Supplied data:
____________________

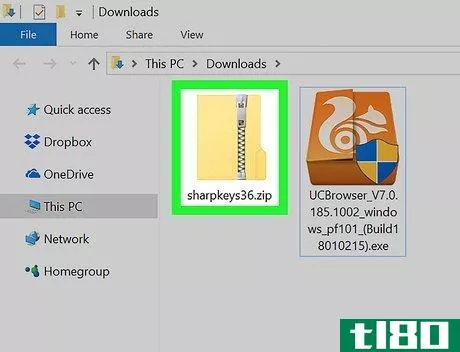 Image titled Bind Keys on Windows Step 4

____________________

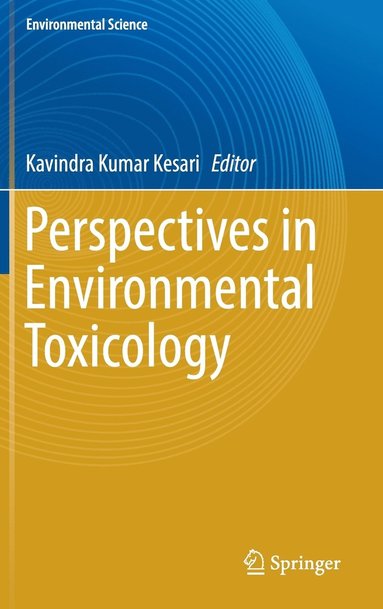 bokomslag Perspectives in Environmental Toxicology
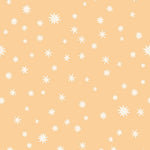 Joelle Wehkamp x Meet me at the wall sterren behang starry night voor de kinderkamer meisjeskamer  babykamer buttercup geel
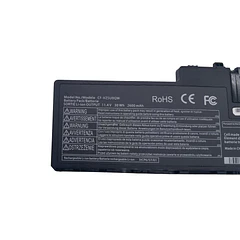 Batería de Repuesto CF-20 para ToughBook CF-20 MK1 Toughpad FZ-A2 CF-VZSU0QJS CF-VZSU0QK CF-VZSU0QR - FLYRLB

____________________

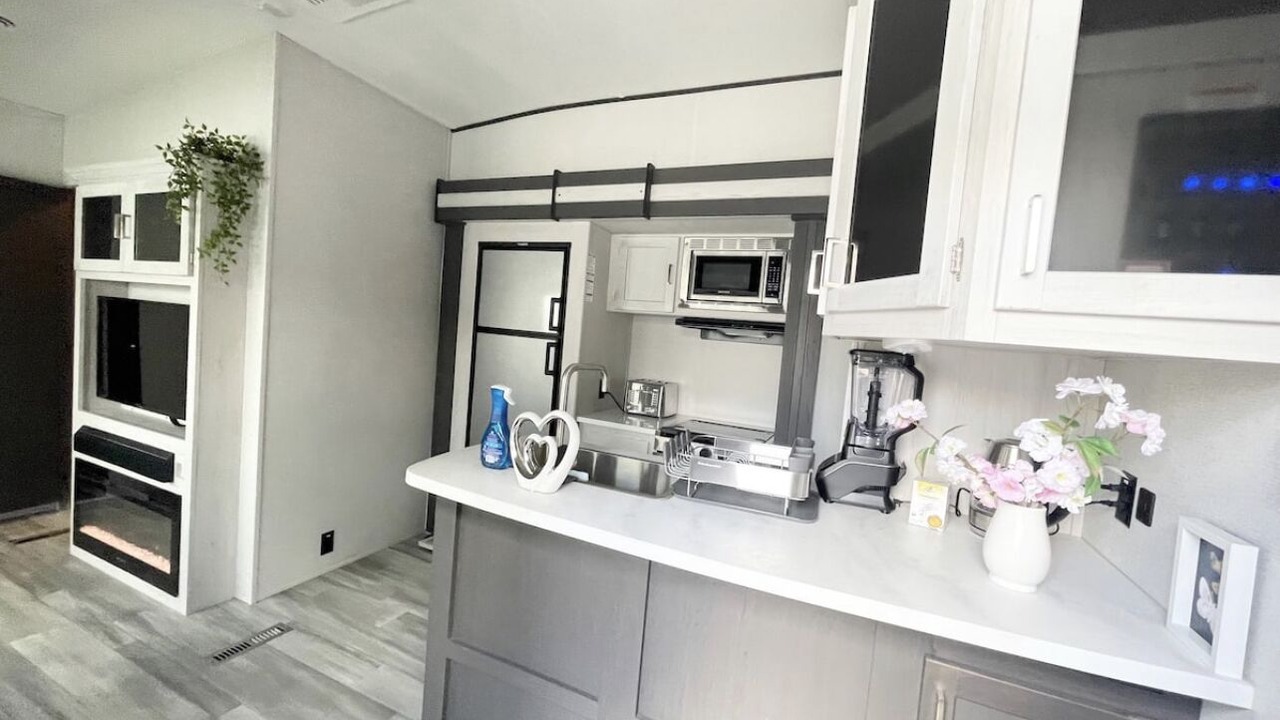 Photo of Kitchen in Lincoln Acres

____________________

Instructions for the task: In the listing above, find the line with "Joelle Wehkamp x" and the line with "Batería de Repuesto". Set down exactly those lines and everything between them, skipping pictures.

Solution to the problem:
 Joelle Wehkamp x Meet me at the wall sterren behang starry night voor de kinderkamer meisjeskamer  babykamer buttercup geel
 Batería de Repuesto CF-20 para ToughBook CF-20 MK1 Toughpad FZ-A2 CF-VZSU0QJS CF-VZSU0QK CF-VZSU0QR - FLYRLB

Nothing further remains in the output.